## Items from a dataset
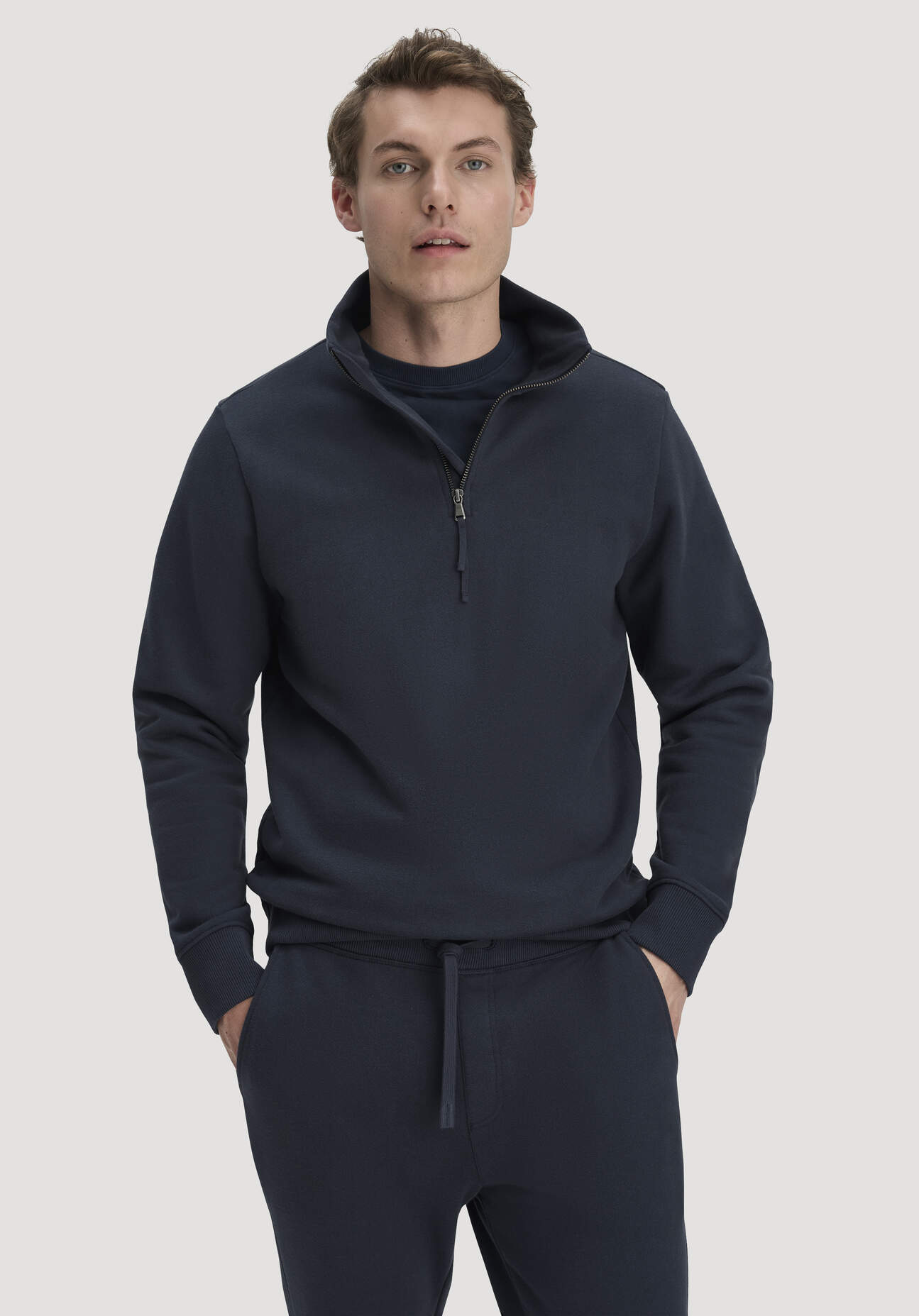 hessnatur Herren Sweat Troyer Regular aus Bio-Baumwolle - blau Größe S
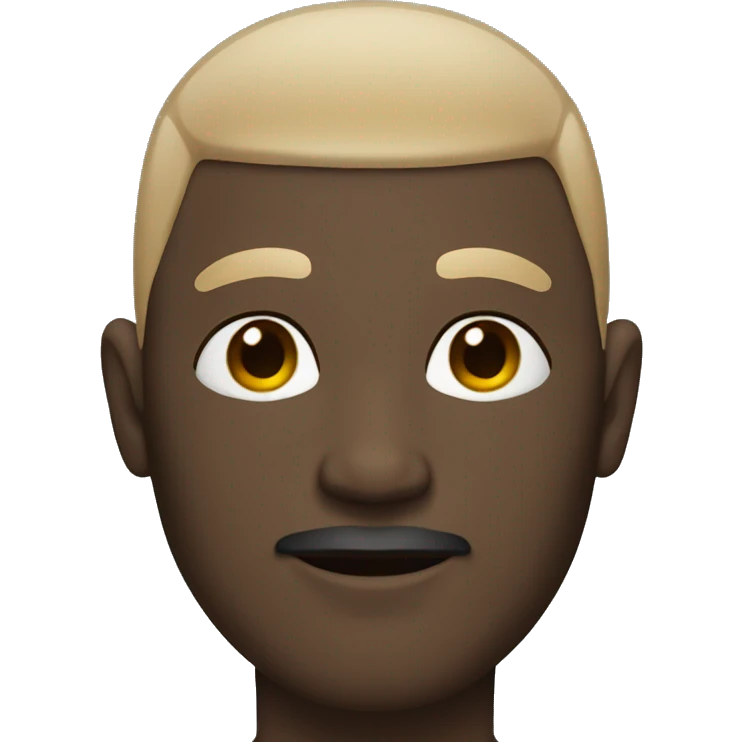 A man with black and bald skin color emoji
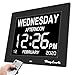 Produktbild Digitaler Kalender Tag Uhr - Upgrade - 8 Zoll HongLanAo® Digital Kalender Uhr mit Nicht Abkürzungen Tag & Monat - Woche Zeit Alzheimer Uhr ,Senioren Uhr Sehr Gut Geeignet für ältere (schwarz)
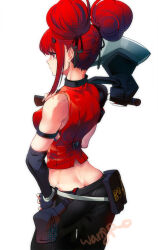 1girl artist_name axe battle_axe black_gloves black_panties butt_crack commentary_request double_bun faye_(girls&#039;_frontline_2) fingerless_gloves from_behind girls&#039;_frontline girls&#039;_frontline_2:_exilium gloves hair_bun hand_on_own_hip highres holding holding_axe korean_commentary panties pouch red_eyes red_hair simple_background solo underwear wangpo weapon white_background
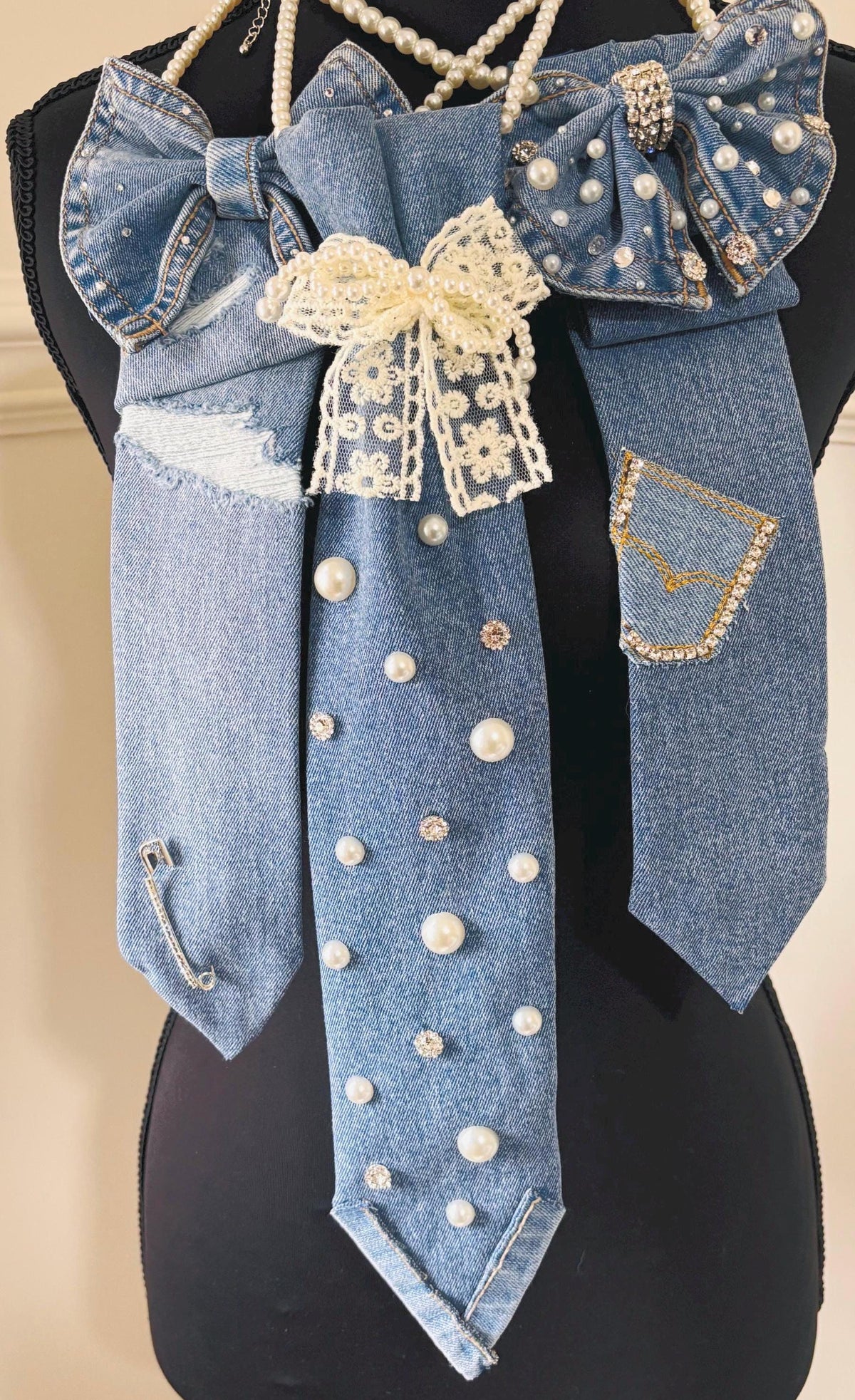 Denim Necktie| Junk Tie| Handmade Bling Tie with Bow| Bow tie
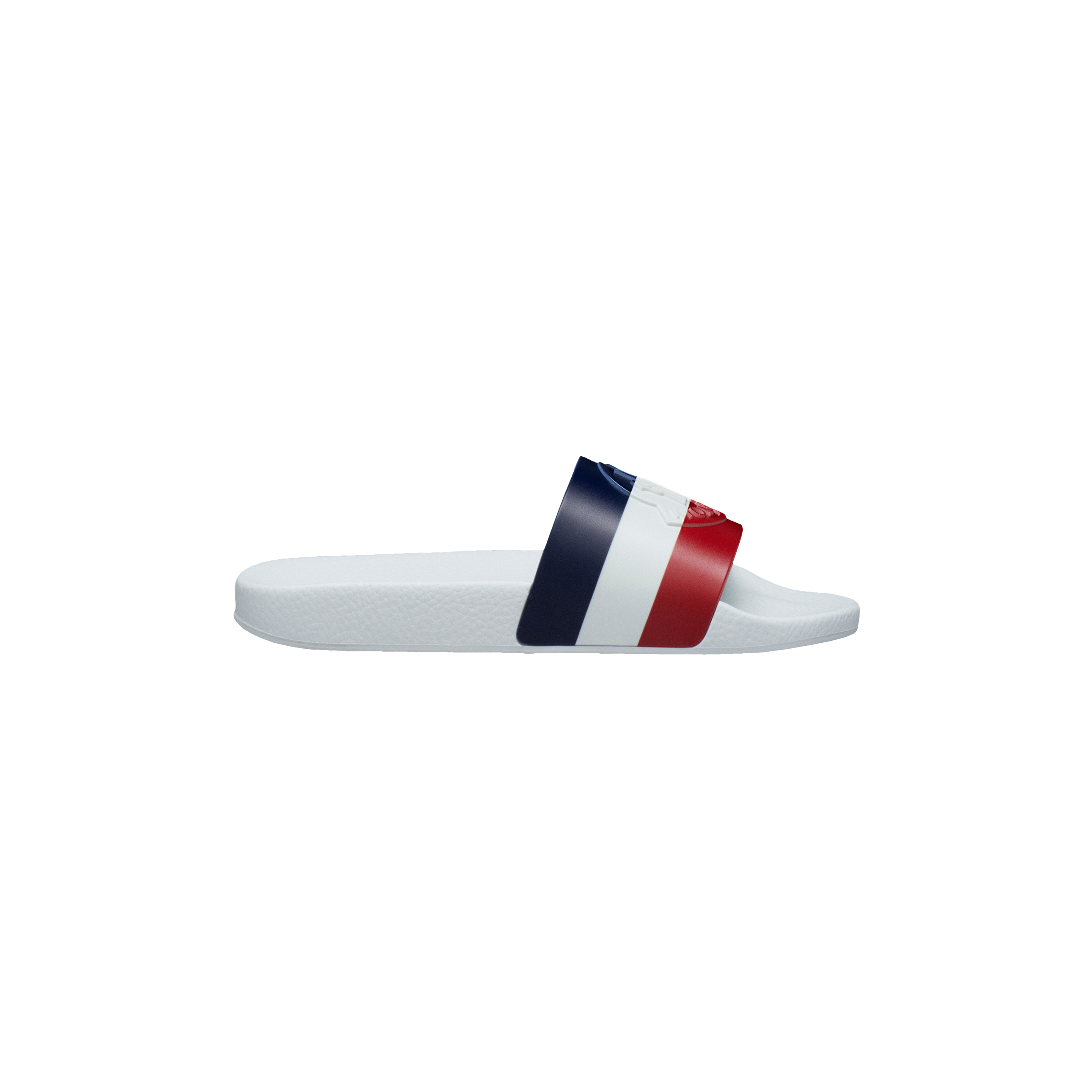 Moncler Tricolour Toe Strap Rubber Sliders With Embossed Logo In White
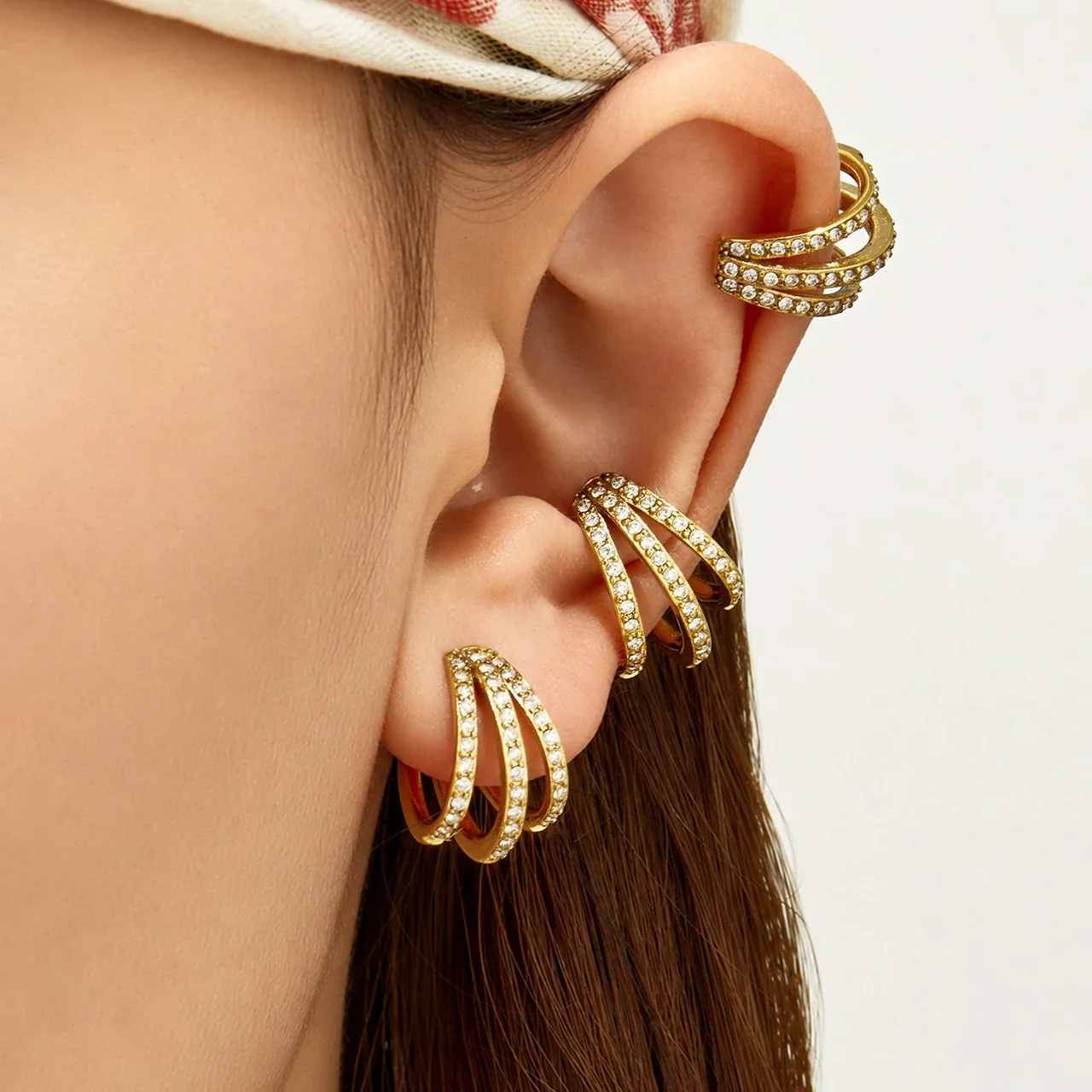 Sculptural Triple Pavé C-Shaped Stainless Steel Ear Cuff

## Task item
The data above should be repeated in full and exactly, with no pictures carried over.

## Task output
 hessnatur Herren Sweat Troyer Regular aus Bio-Baumwolle - blau Größe S
 A man with black and bald skin color emoji
 Produktbild Digitaler Kalender Tag Uhr - Upgrade - 8 Zoll HongLanAo® Digital Kalender Uhr mit Nicht Abkürzungen Tag & Monat - Woche Zeit Alzheimer Uhr ,Senioren Uhr Sehr Gut Geeignet für ältere (schwarz)
 1girl artist_name axe battle_axe black_gloves black_panties butt_crack commentary_request double_bun faye_(girls&#039;_frontline_2) fingerless_gloves from_behind girls&#039;_frontline girls&#039;_frontline_2:_exilium gloves hair_bun hand_on_own_hip highres holding holding_axe korean_commentary panties pouch red_eyes red_hair simple_background solo underwear wangpo weapon white_background
 Denim Necktie| Junk Tie| Handmade Bling Tie with Bow| Bow tie
 Moncler Tricolour Toe Strap Rubber Sliders With Embossed Logo In White
 Sculptural Triple Pavé C-Shaped Stainless Steel Ear Cuff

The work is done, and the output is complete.